Friday, November 30, 2012

Dear President Obama,

Can something be done for February? It's clearly the runt of the monthly litter, and a sad, depressing little corner of the calendar as well. I propose giving it thirty days like other months. Take a day from January and another from March and give them to February. If any man possesses the necessary authority to rearrange the months it is you, Mr. President. March in particular has needed a good trimming for the longest time. Who wants an extra day of March? Not I. What I want, no, what I demand is two more days of February.

In fact, I think it would make the most sense, and I'm sure you will agree with me Mr. President, that only the finest months should be given an extra 31st day. I propose that you take May's 31st day and give it to June. That way all three summer months would have 31 days. October and December can keep their 31st day because of their inherent and obvious awesomeness.

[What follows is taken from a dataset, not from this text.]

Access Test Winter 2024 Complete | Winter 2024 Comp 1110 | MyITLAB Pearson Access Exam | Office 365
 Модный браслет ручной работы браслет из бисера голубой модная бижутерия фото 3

And during a leap year we can still add a day onto February, which would go a long way towards making up for the years of abuse it has endured. Call it reparations if you wish.

As a well known champion of the little guy I am confident that you will take up February's cause. I thank you in advance for your support in this worthy effort.

Marlene Rini 


Marlene Rini said...

so this is what I get for criticizing your daily doings? I should have known there would be hell to pay!

Tom said...

Hey, buddy! My wife's birthday is on March 31st!

Josh Tate said...

Tom- Not anymore! Her birthday is now June 1st.

Josh Tate said...

Marlene- I thought it was a very well-reasoned and thoughtful letter you wrote.